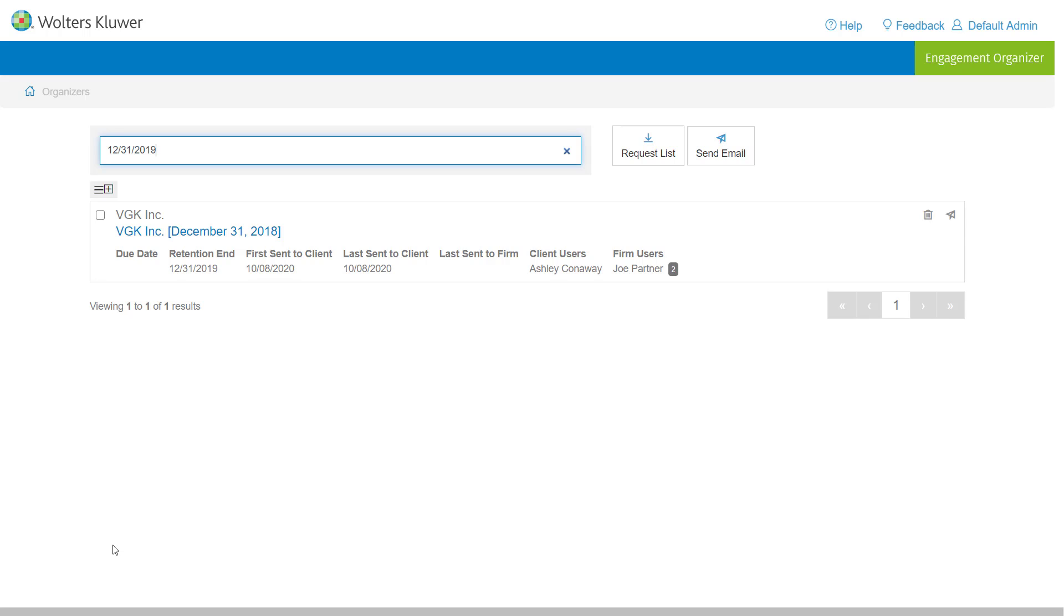So new features for the default admin user that will allow them to see all firm users and deactivate as needed if someone is to leave the firm and see a list of all organizers that have been created for the entire firm.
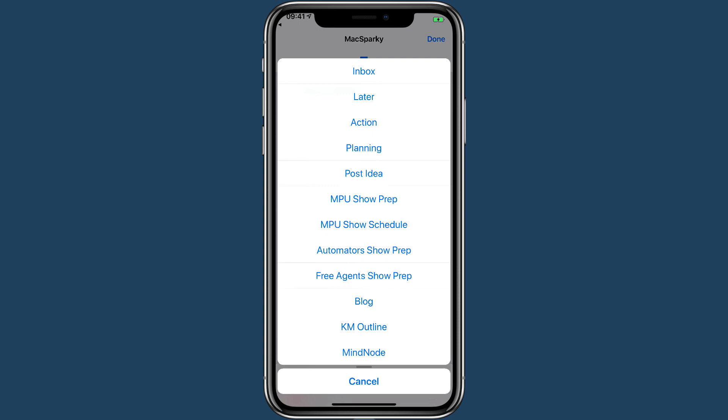Some of these are OmniFocus perspectives. Like planning is the planning perspective in OmniFocus, but it does more—I'll show you in just a minute. The MPU show prep goes into a Google Doc, the MPU show schedule goes into a Google spreadsheet, and there's a whole bunch of stuff here.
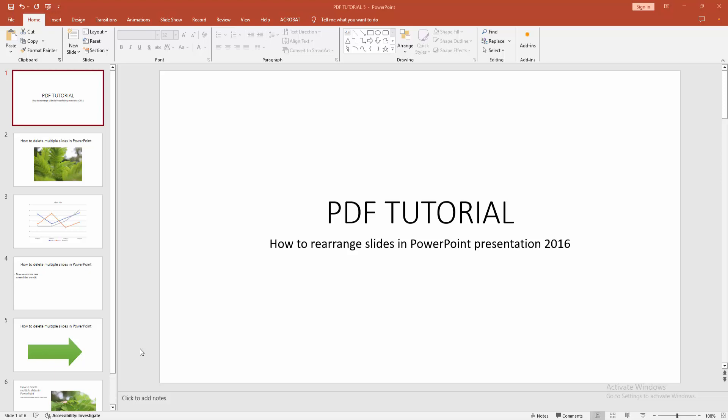Assalamualaikum, hello friends! How are you? Welcome back to another video. In this video, I am going to show you how to rearrange slides in PowerPoint presentation 2016. Let's get started. At first, you have to open a PowerPoint presentation.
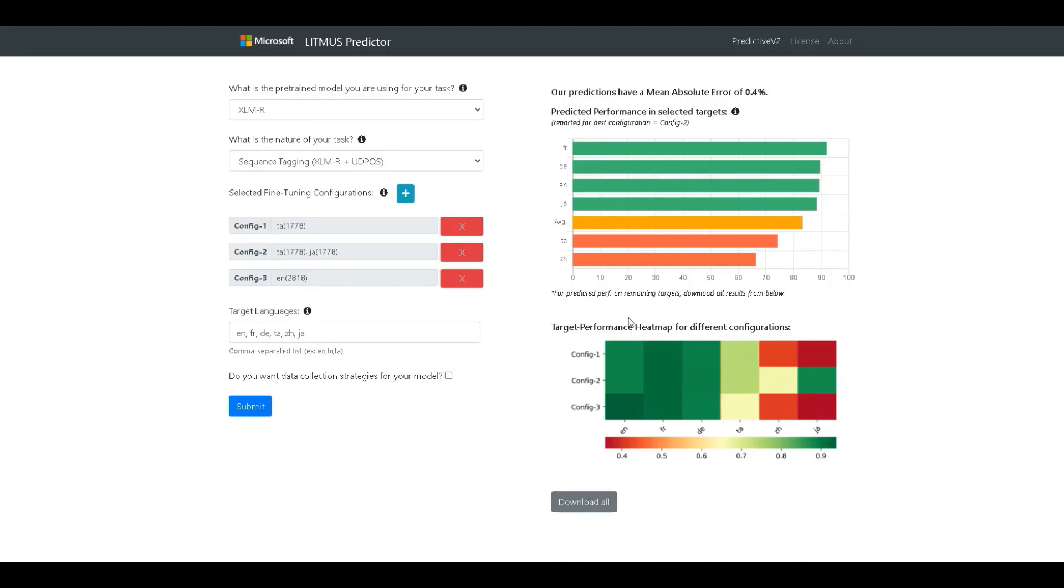The second graph shows a heat map. The heat map denotes the performance in each target language across the different configurations. This allows us to compare the performance across different targets.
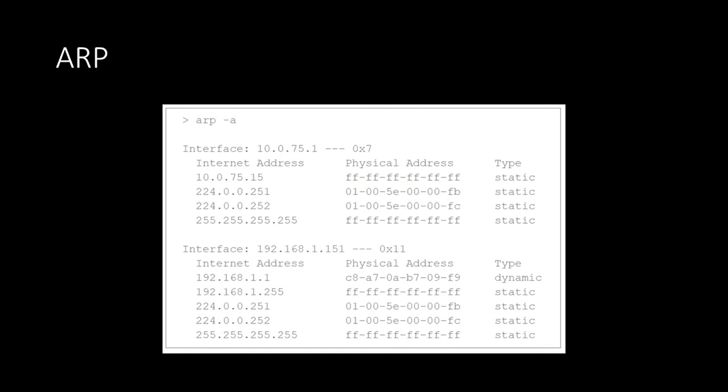ARP table entries expire after a short period of time to ensure network changes are accounted for. In a Windows machine, you can look at your ARP table by typing ARP -A into a command prompt. If a router receives an unknown IP address, it will broadcast an ARP request out on the entire network. The device that owns that IP address will respond back with its MAC address, after which the router will update its ARP table before forwarding the request. In this lecture, there was a key assumption that we made — that our routers already knew the best path to get our message delivered. In our next lecture, we'll discuss routing protocols which populate our router's routing table with CIDR addresses, and how it keeps those records up to date with a constantly changing internet.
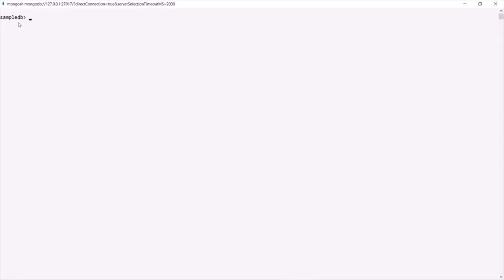Currently I am in the sampleDB database. Let's first check what collections are available here. We can run the command 'show collections'. In this sampleDB database we have two collections: customer and products. Now let's say we want to add a new document inside the customer collection.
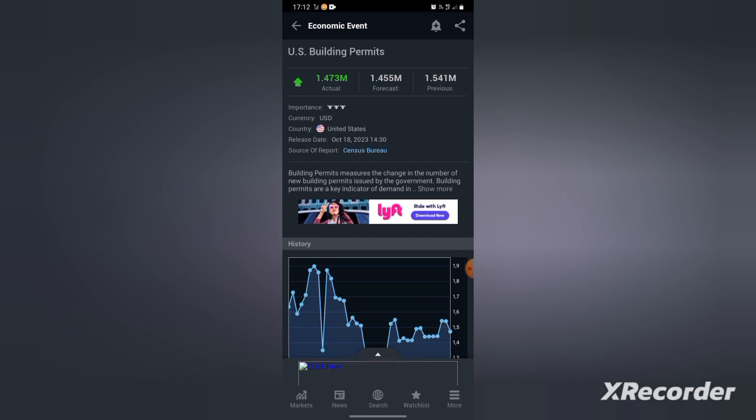So that's the strategy guys. If the actual is bigger than the previous, you'll buy USD pairs: USD/JPY, USD/CAD, USD whatever. Then if the previous is bigger than actual, you sell the USD pairs.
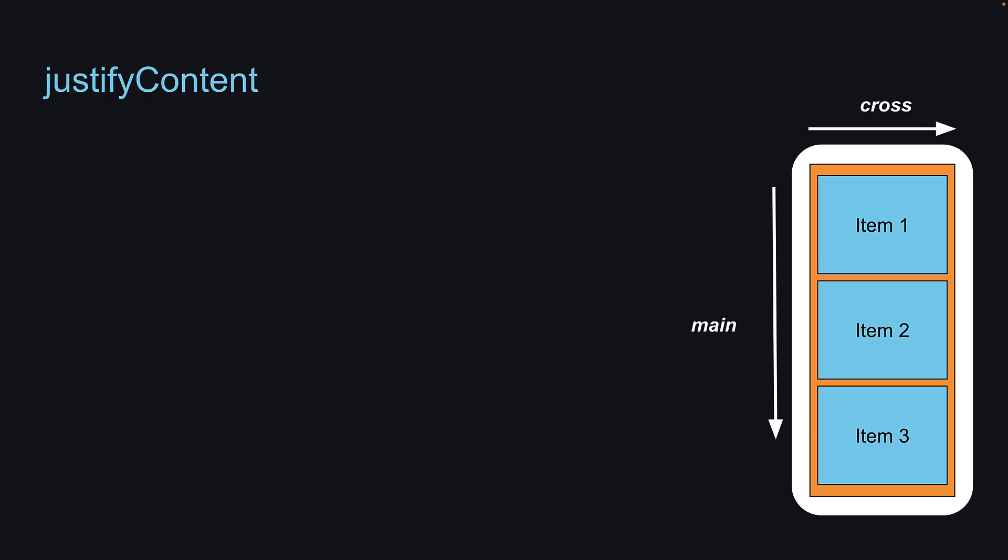Welcome back. Now that we have covered flex and flex direction, let's dive into the next set of properties, those related to alignment.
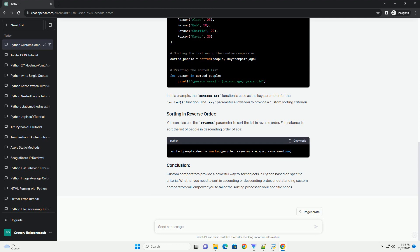Let's consider a scenario where we have a list of custom objects and we want to sort them based on a specific attribute. We'll create a class person with attributes name and age and demonstrate how to use a custom comparator to sort a list of person objects based on their age. In this example,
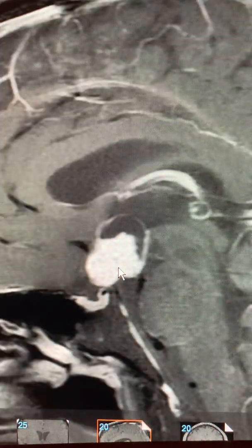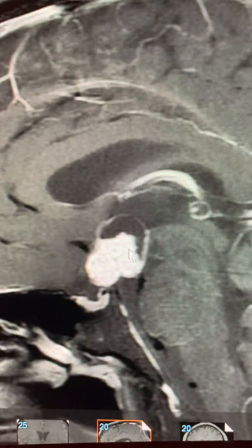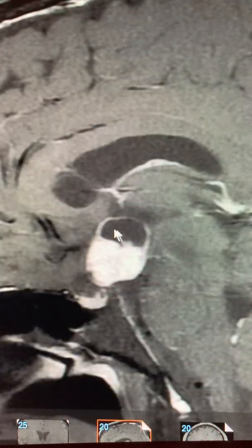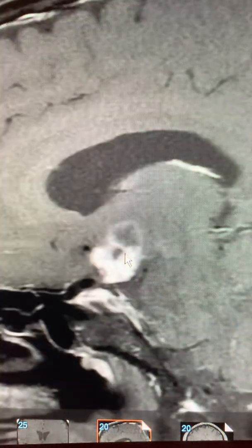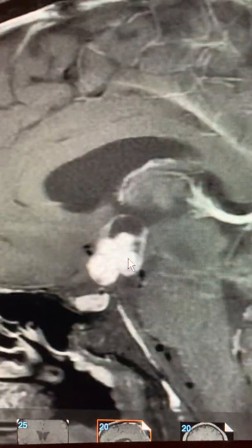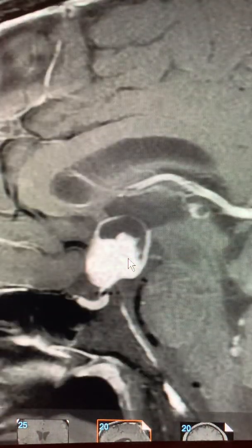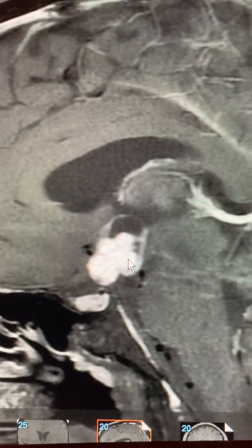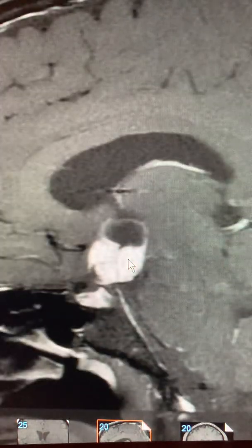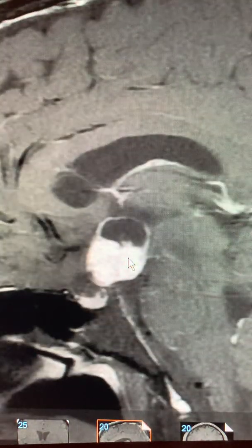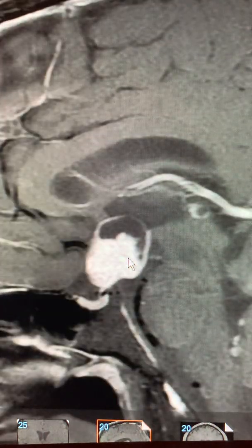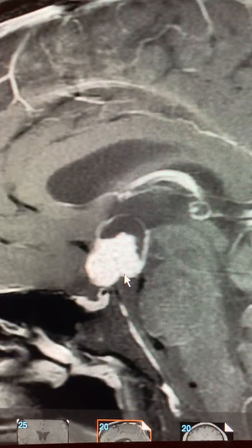This patient is pan-hypopituitary with diabetes insipidus. Again, solid bright enhancement and cystic parts of this lesion as well. This is a classic craniopharyngioma — classic in appearance, no doubt about it. Until proven otherwise, it's a craniopharyngioma. This could be a pilocytic astrocytoma, but I seriously doubt that. Surgery will tell for sure, but until proven otherwise, this is a craniopharyngioma.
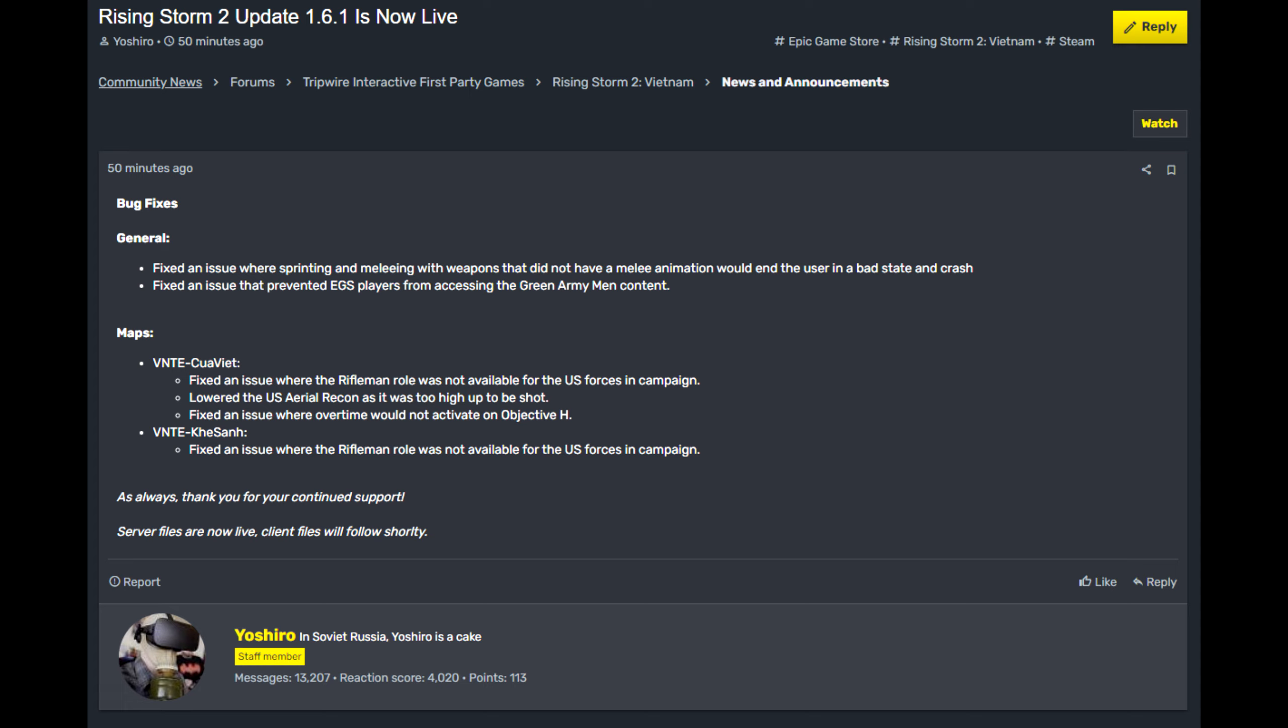Not to say that we're not happy for this update, but they also balanced some of the maps, especially the new map Tu Viet, where they have actually made it so that the Rifleman roles are now available. Otherwise, before it was just scout and point men and all that stuff. So that was interesting.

▬▬▬▬▬▬

Work instructions: Leaving out the pictures, print exactly and only the lines from the one containing "Welcome back. Now" through the last line of the records.

Answer to this problem:
Welcome back. Now that we have covered flex and flex direction, let's dive into the next set of properties, those related to alignment.
Let's consider a scenario where we have a list of custom objects and we want to sort them based on a specific attribute. We'll create a class person with attributes name and age and demonstrate how to use a custom comparator to sort a list of person objects based on their age. In this example,
This patient is pan-hypopituitary with diabetes insipidus. Again, solid bright enhancement and cystic parts of this lesion as well. This is a classic craniopharyngioma — classic in appearance, no doubt about it. Until proven otherwise, it's a craniopharyngioma. This could be a pilocytic astrocytoma, but I seriously doubt that. Surgery will tell for sure, but until proven otherwise, this is a craniopharyngioma.
Not to say that we're not happy for this update, but they also balanced some of the maps, especially the new map Tu Viet, where they have actually made it so that the Rifleman roles are now available. Otherwise, before it was just scout and point men and all that stuff. So that was interesting.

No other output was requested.